Polling in seriously contested Senate races shows that many voters are aware of this. The hyperactive octogenarians Chuck Grassley in Iowa and John McCain in Arizona — after 36 and 30 years in the Senate, respectively — are running way ahead of Trump and also of Mitt Romney’s 2012 showing in their states.
Incumbent Republican senators with serious challengers are likewise running perceptibly ahead of Trump and Romney benchmarks in Florida (Marco Rubio), Illinois (Mark Kirk), New Hampshire (Kelly Ayotte), Ohio (Rob Portman), Pennsylvania (Pat Toomey) and Wisconsin (Ron Johnson). Their prospects differ, but they’re resisting any downdraft.
Running more closely to Trump and Romney are North Carolina’s Richard Burr and Georgia’s Johnny Isakson, neither of whom has campaigned heavily in his heretofore-Republican-leaning state.
In Nevada, Republican Joe Heck is in a close race to win Harry Reid’s open seat — Republicans’ one chance for a Senate gain. But Heck’s post-“Access Hollywood” disendorsement of Trump may be hurting him in a state whose many non-college-educated whites gave Trump a wide-margin victory in its early caucuses. Heck is running better than Romney did but no better than Trump.
Missouri and Indiana, apparently safe for Trump, have serious Senate contests. Both have large belts of Southern-accented ancestral Democratic voters and were dead heats in the 2008 presidential race.
In Missouri, Democrat Jason Kander, with an ad showing him assembling an Army rifle blindfolded, is about even with Republican incumbent Roy Blunt. In Indiana, Democrat Evan Bayh, deemed a moderate when elected governor in 1988 and 1992 and senator in 1998 and 2004, jumped into the race in July. Bayh has been hammered for his fictitious Indiana residence and for seeking lobbying work while still a senator in 2010, but he leads narrowly in the latest polls.

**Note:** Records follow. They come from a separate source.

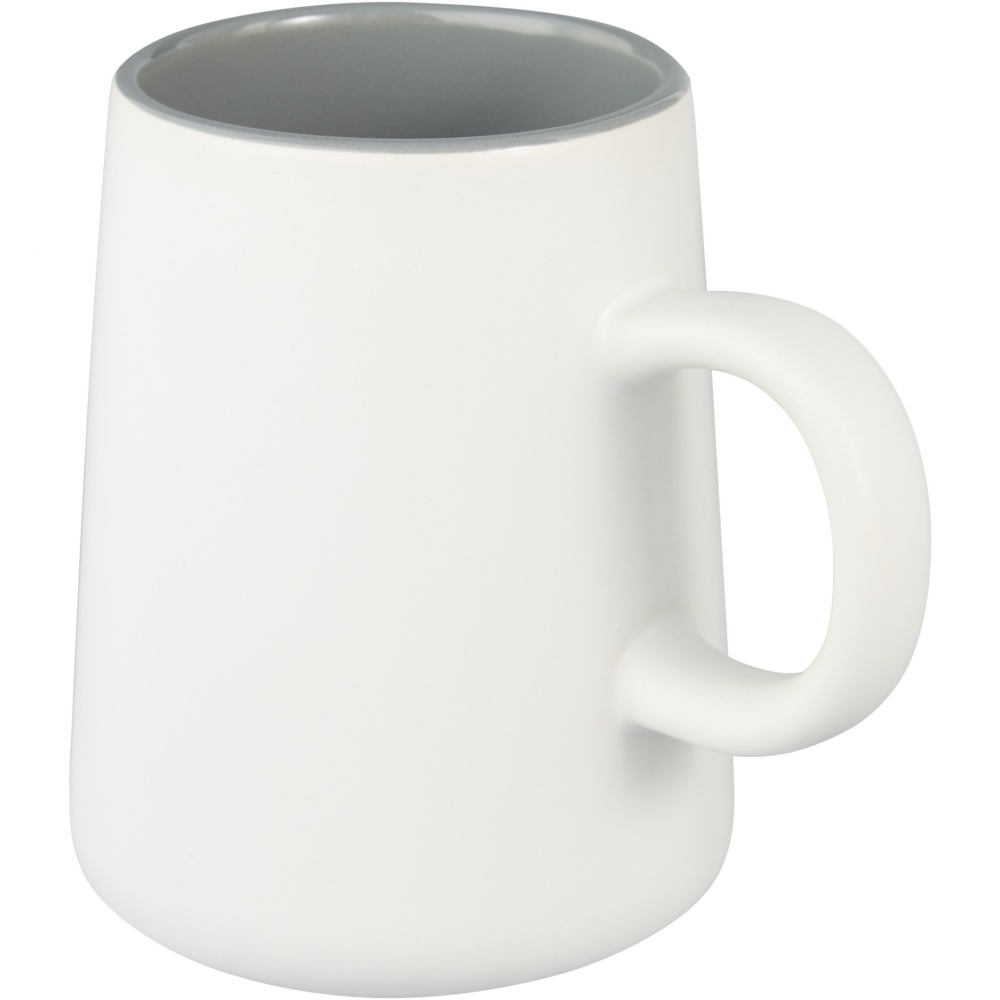 Logotrade ärikingitused pilt: Joe 450 ml keraamiline kruus 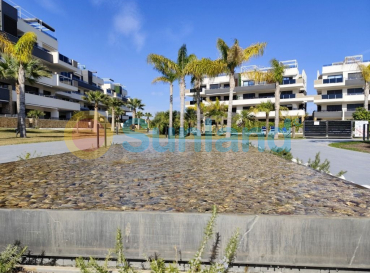 Apartment - Resale - Orihuela Costa - Orihuela Costa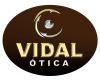 OTICA VIDAL logo
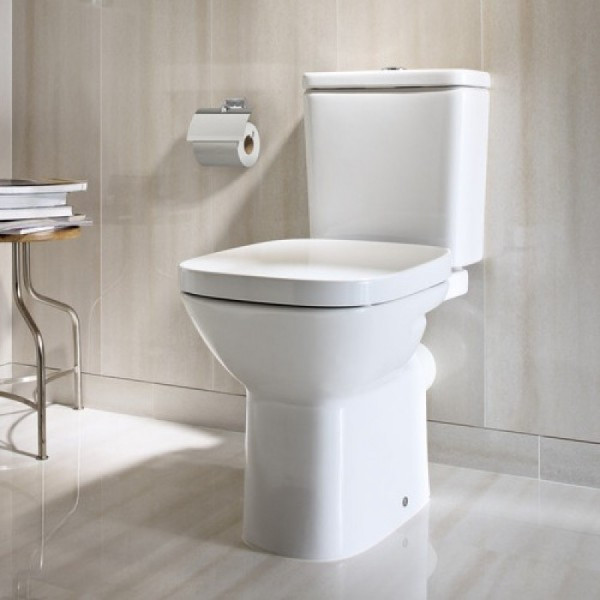 Унитаз напольный чаша унитаза Roca Debba 65,5x35,5x40 белый (7.3429.9.700.Y) Унитаз напольный чаша унитаза Roca Debba 65,5x35,5x40 белый (7.3429.9.700.Y)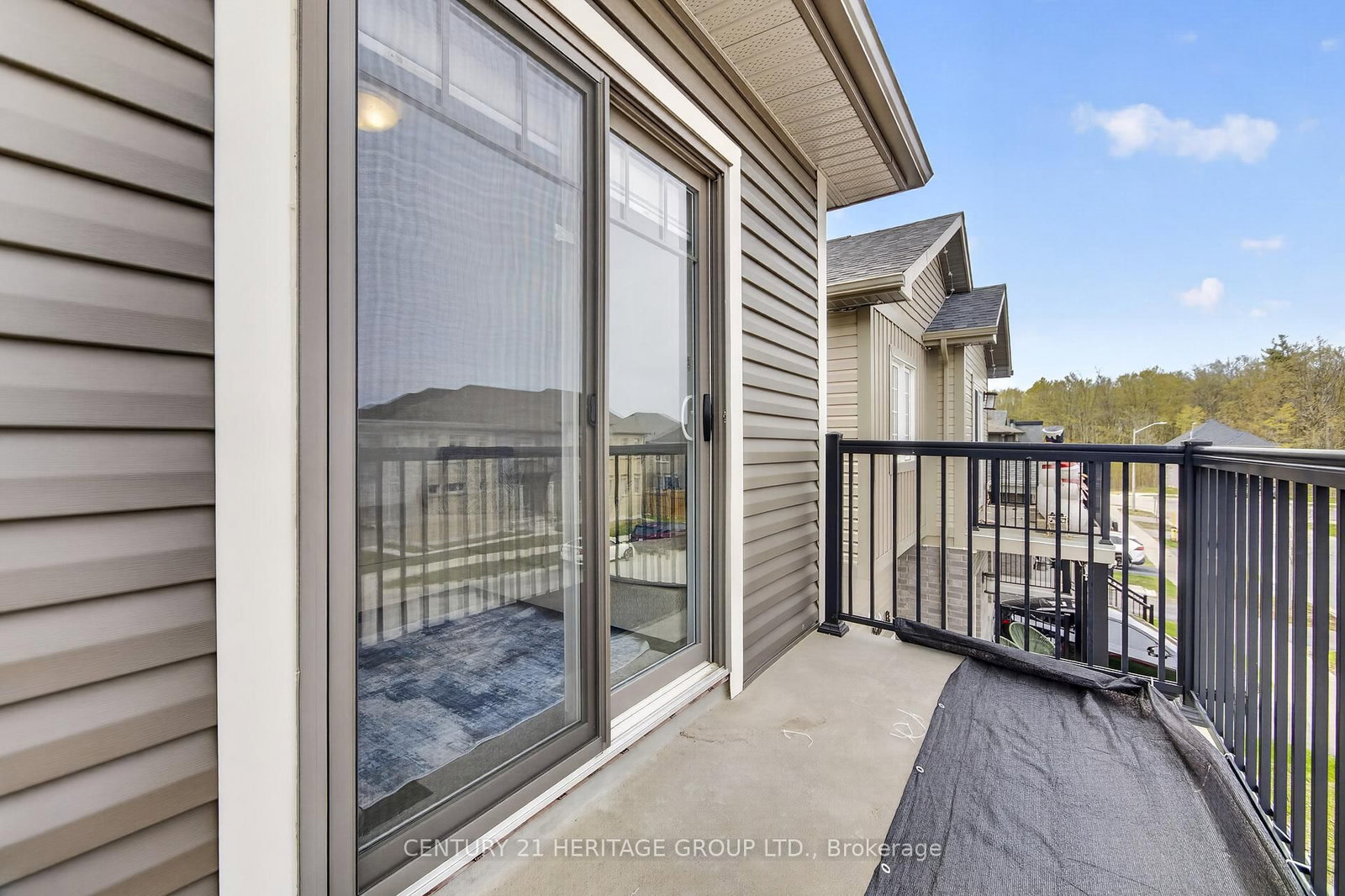 90 Brown Bear Street • Barrie, ON photo 20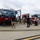 910th taxis in to Wings and Wheels event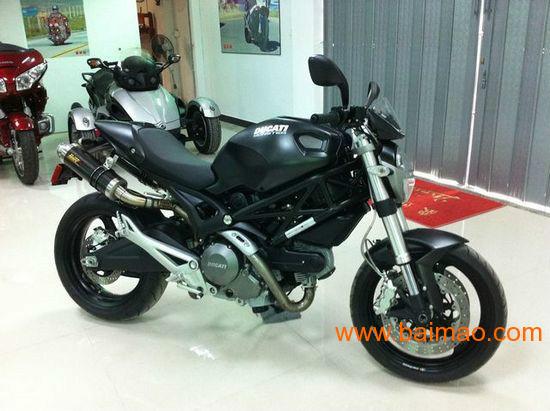 杜卡迪696图片价格 摩托车平衡车踏板车越野车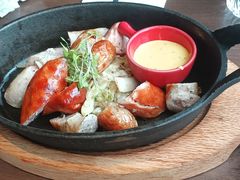 -西堤牛排(番禺天河城店)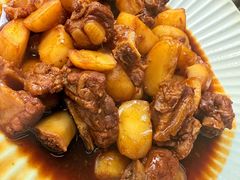 -老三样·旧食新味(万寿宫店)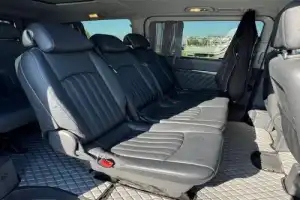 Рыбалка в Дагестане с комфортабельным проживанием: ловим окуня и судака на Сулакском каньоне - 12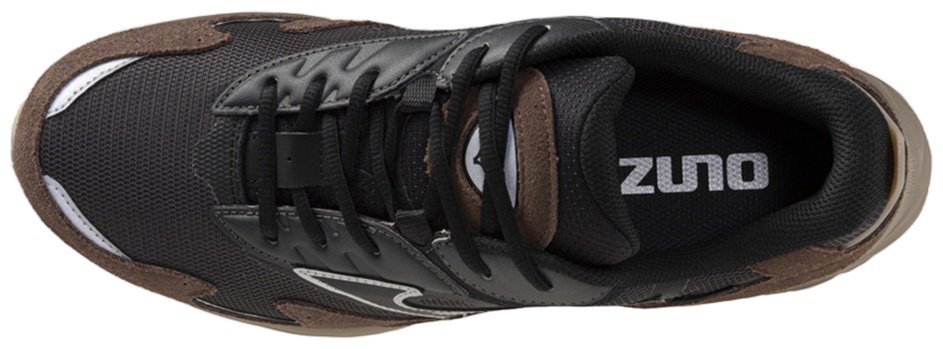 Кроссовки Mizuno Wave Rider Β Gtx коричневый, черный купить,NaN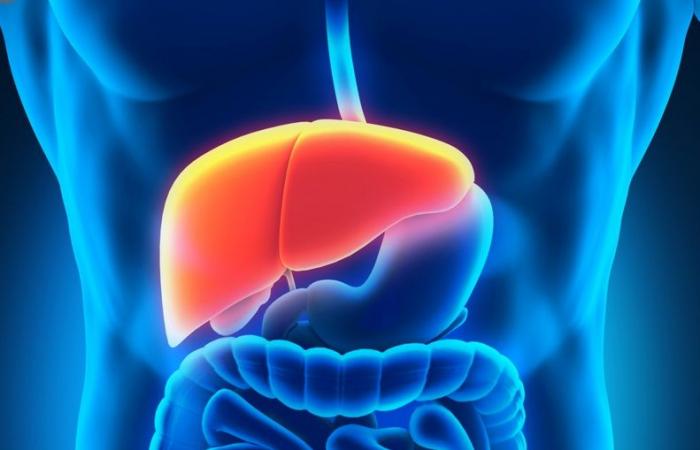 A big step forward for liver health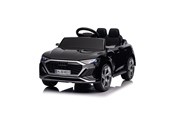 Elektrisk bil - Nordic Play Elbil Audi SQ8 2 x 10.8V motor NORDIC PLAY - 805-906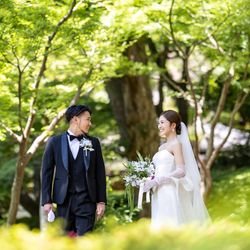 八芳園の写真29枚目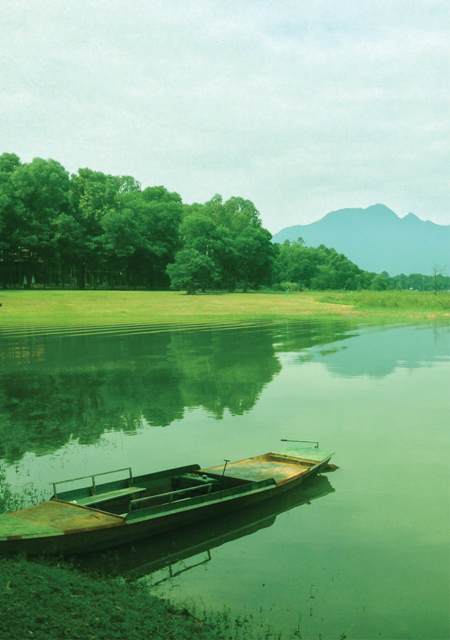 Trở về thôi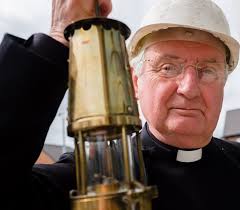 Petertide Ordinations: 'It has been difficult, but it was the right thing  to do'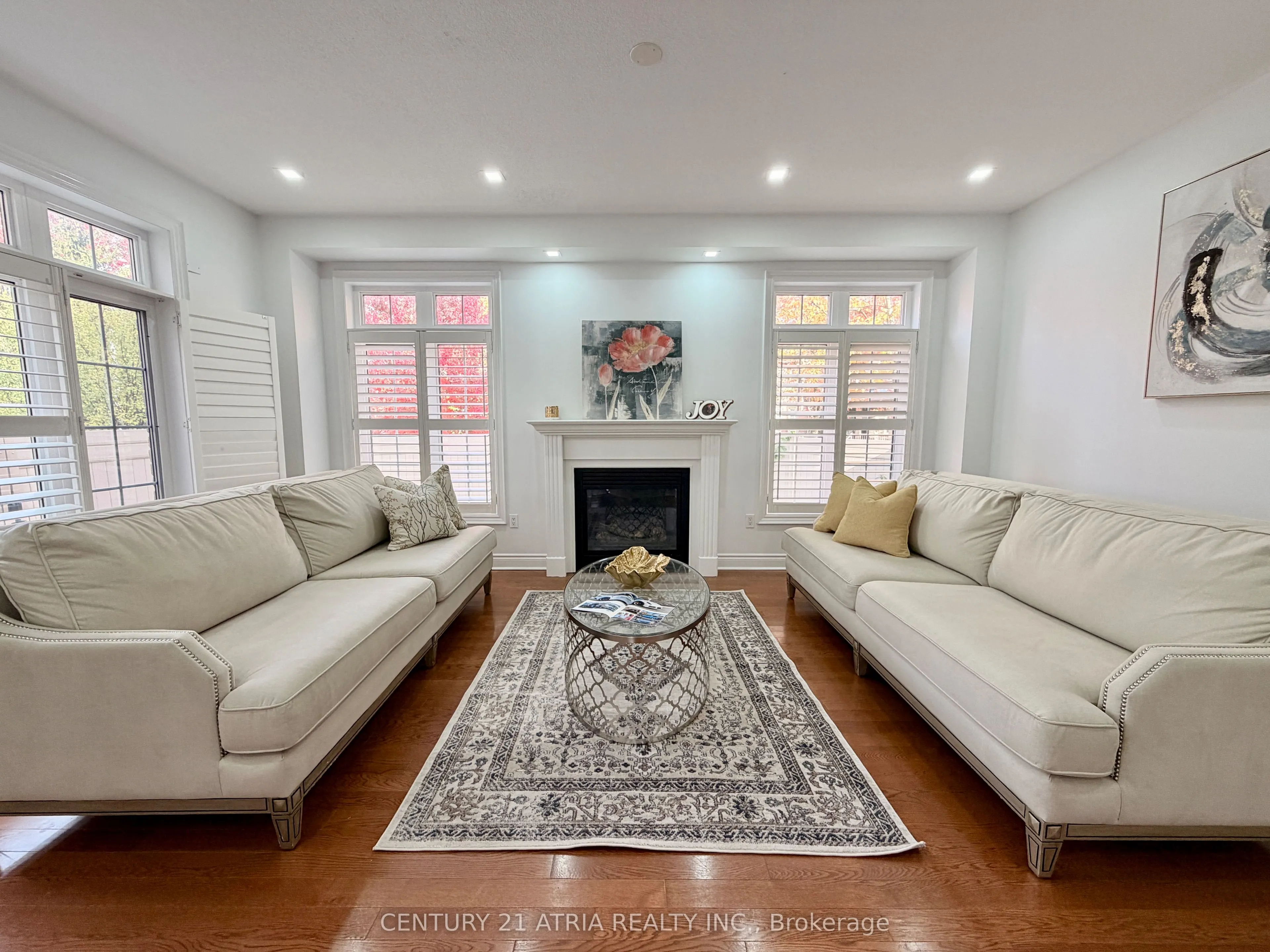 14 West Normandy Drive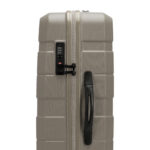 Suur ABS plastikust kohver - Image 8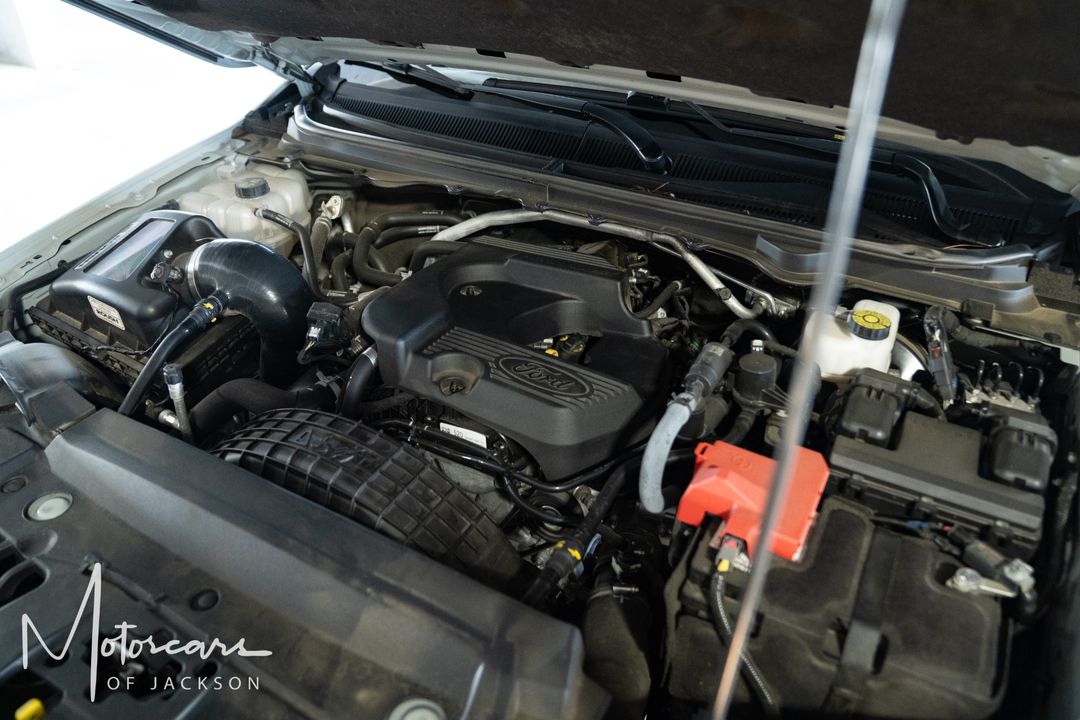 2022 Ford Ranger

So personal factors and local peculiarities are shaping Senate races as in pre-Trump years. That’s apparently happening, too, in House races, to judge from the sparse publicly available polling.
Republican incumbents in districts heavy with college graduates have been catering to them since before Trump appeared; those with many Hispanics have learned enough Spanish to debate en espanol. And Republicans running in districts with many non-college-educated whites (a demographic with whom Trump has been outperforming Romney) — the plains of Iowa, the north woods of Maine and Minnesota — may face no downdraft at all.
One big risk for Republicans generally is that Trump’s talk of a rigged election may discourage Republican-leaning constituents from voting. And some down-ballot Republicans’ adaptations to local terrain may not get noticed amid the media hubbub over the latest Trump outrage.
But so far, down-ballot contests look less like the straight-ticket battles of recent years, in which few candidates ran significantly ahead of or behind party nominees. Instead, they look more like 1970s and 1980s contests, in which many incumbents and challengers, mostly Democrats but also Republicans, continually improvised and created individual personas tailored to their constituencies and capable of distinguishing them from unpopular national party leaders.